• [Task goal]: Beginning with the line where "Salon渋谷5B Apartman Tokió Kültér fotó" appears, restate each line word for word until the data ends. Pictures do not go in.

++++++++++

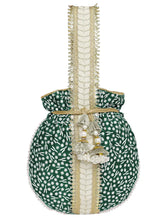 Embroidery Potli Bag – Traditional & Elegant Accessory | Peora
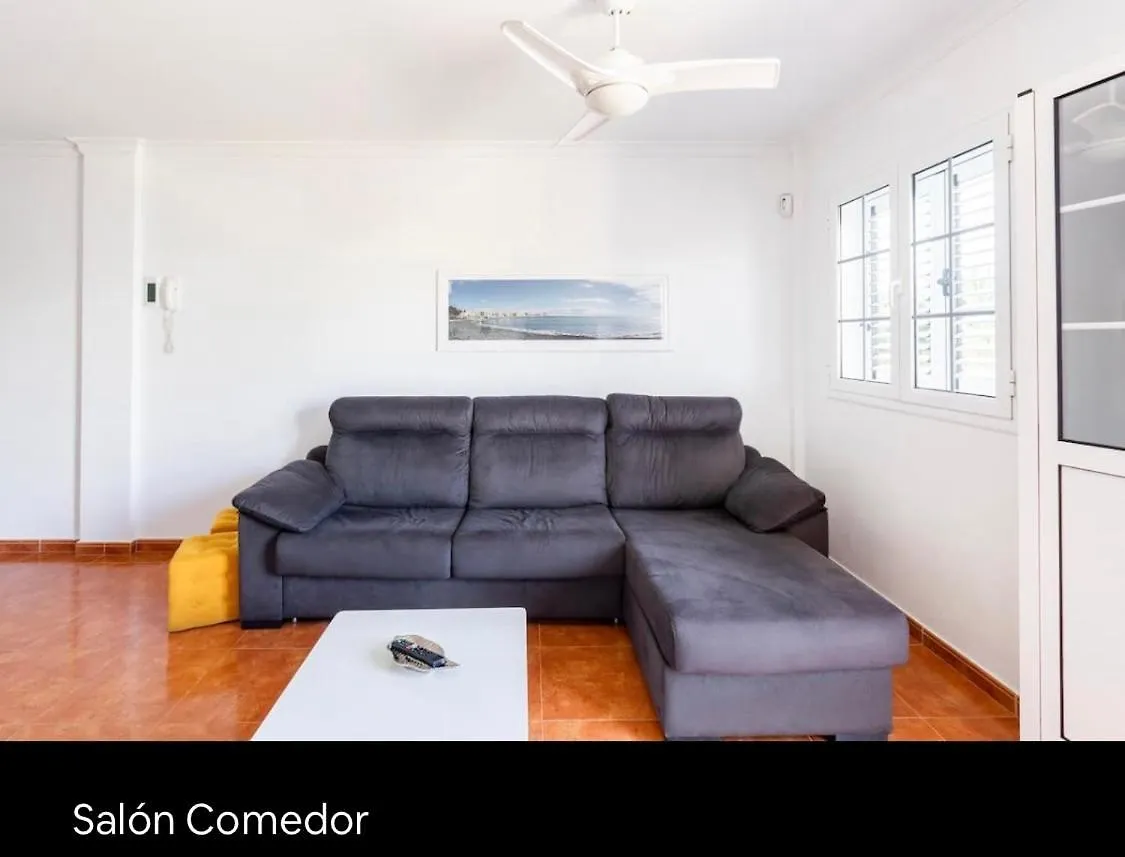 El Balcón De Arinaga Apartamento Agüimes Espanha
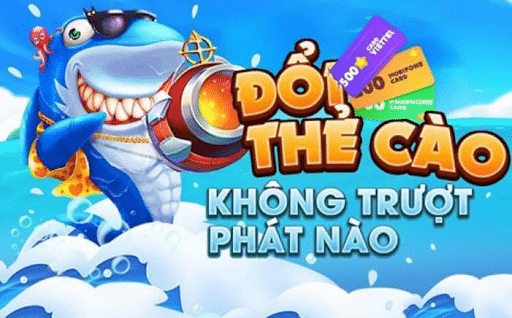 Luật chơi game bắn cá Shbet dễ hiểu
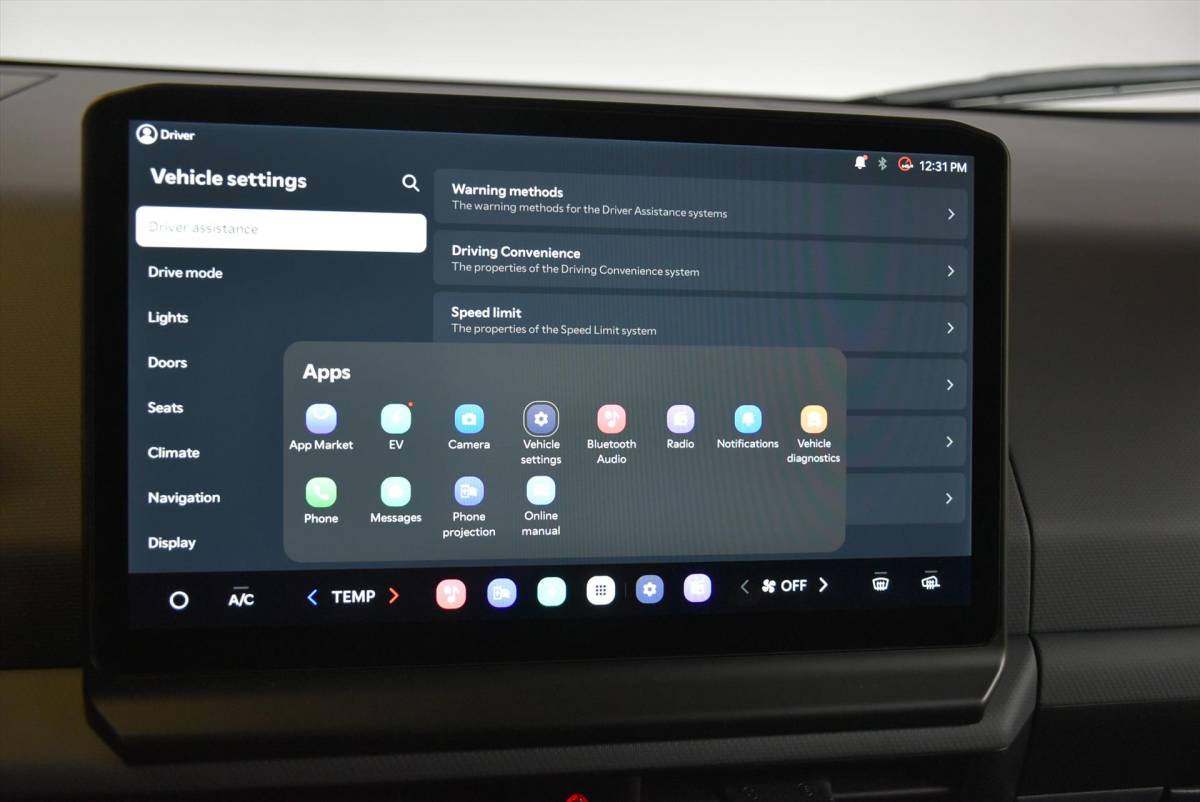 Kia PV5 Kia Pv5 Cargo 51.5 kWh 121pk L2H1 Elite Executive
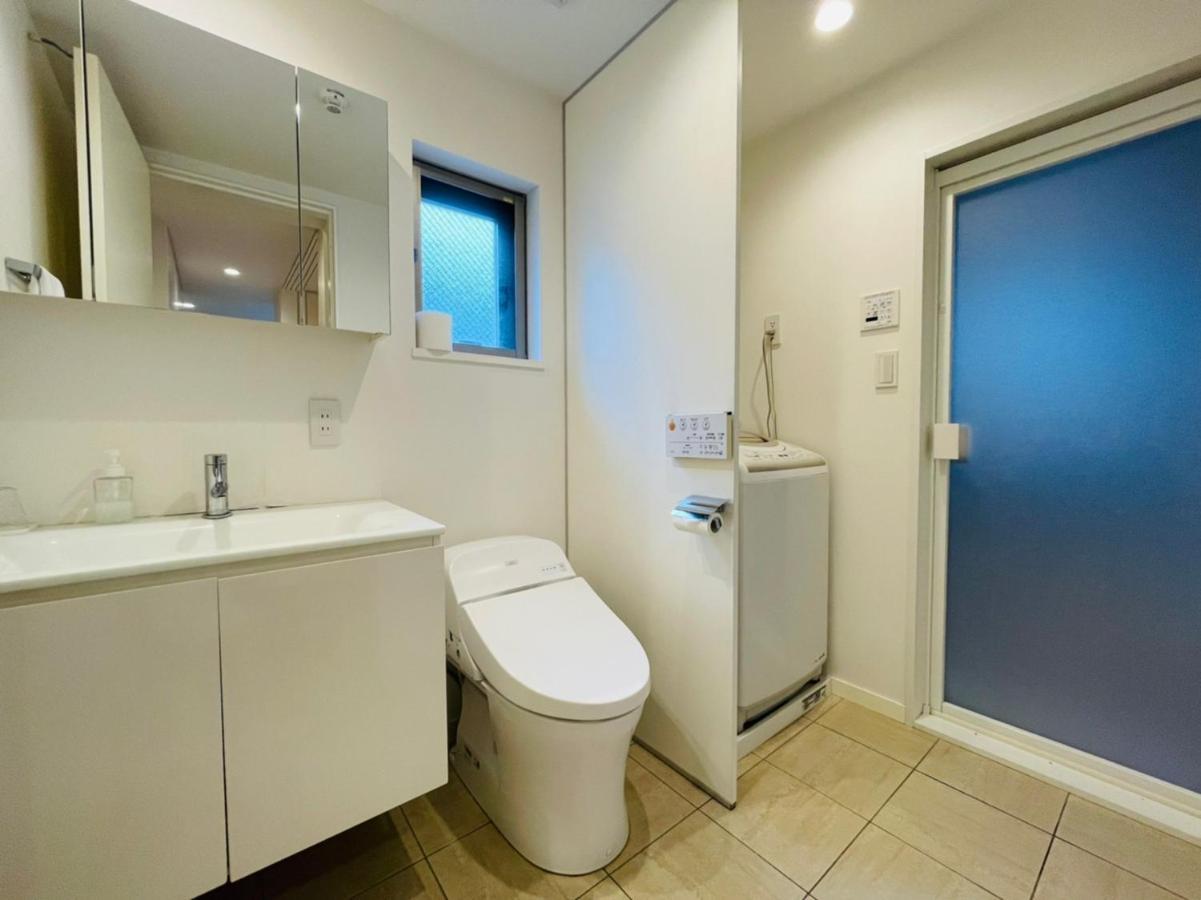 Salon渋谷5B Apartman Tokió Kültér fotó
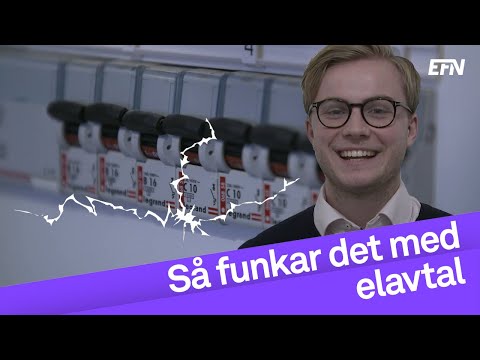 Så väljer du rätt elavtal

++++++++++

• [Task result]:
 Salon渋谷5B Apartman Tokió Kültér fotó
 Så väljer du rätt elavtal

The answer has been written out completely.